→ **DATA**:
════

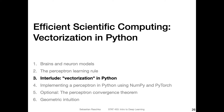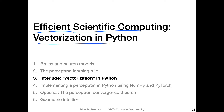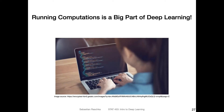In this video, I want to talk about making scientific computing more efficient using a concept called vectorization in Python. The reason I'm covering this now is because in the next video, I want to show you an implementation of the perceptron in Python using NumPy and PyTorch, and I will make use of this concept of vectorization. So here I just want to give you some background information on that.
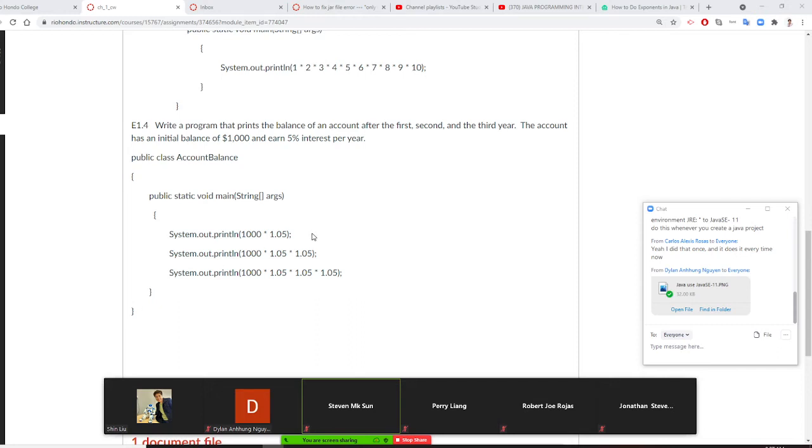Professor Liu is going to show you how to do exercise 1-4. For this one, we want to calculate the interest. Your account has interest.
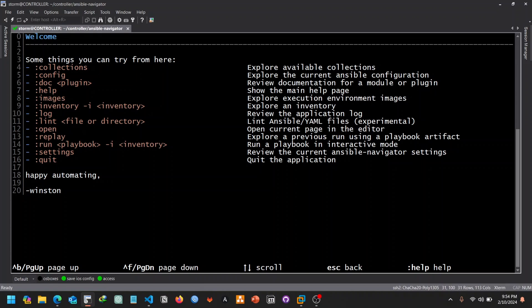We can also check collections that we have from Ansible, check different plugins, documentation and how to use it, check our inventory, and learn how to use execution environments.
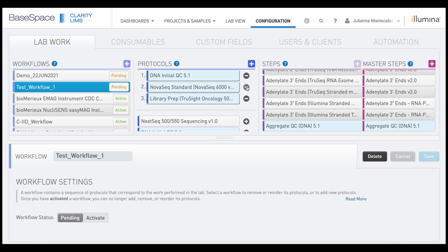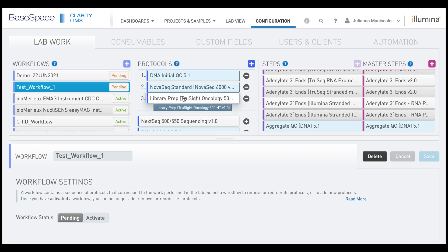While your workflow is still in a pending state, you can reorder the protocols in this workflow by clicking the protocol name and dragging and dropping it.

════

→ **AIM OF THE EXERCISE**: Please retype the listing above word for word, skipping each picture.

→ **WRITTEN RESPONSE**:
In this video, I want to talk about making scientific computing more efficient using a concept called vectorization in Python. The reason I'm covering this now is because in the next video, I want to show you an implementation of the perceptron in Python using NumPy and PyTorch, and I will make use of this concept of vectorization. So here I just want to give you some background information on that.
Professor Liu is going to show you how to do exercise 1-4. For this one, we want to calculate the interest. Your account has interest.
We can also check collections that we have from Ansible, check different plugins, documentation and how to use it, check our inventory, and learn how to use execution environments.
While your workflow is still in a pending state, you can reorder the protocols in this workflow by clicking the protocol name and dragging and dropping it.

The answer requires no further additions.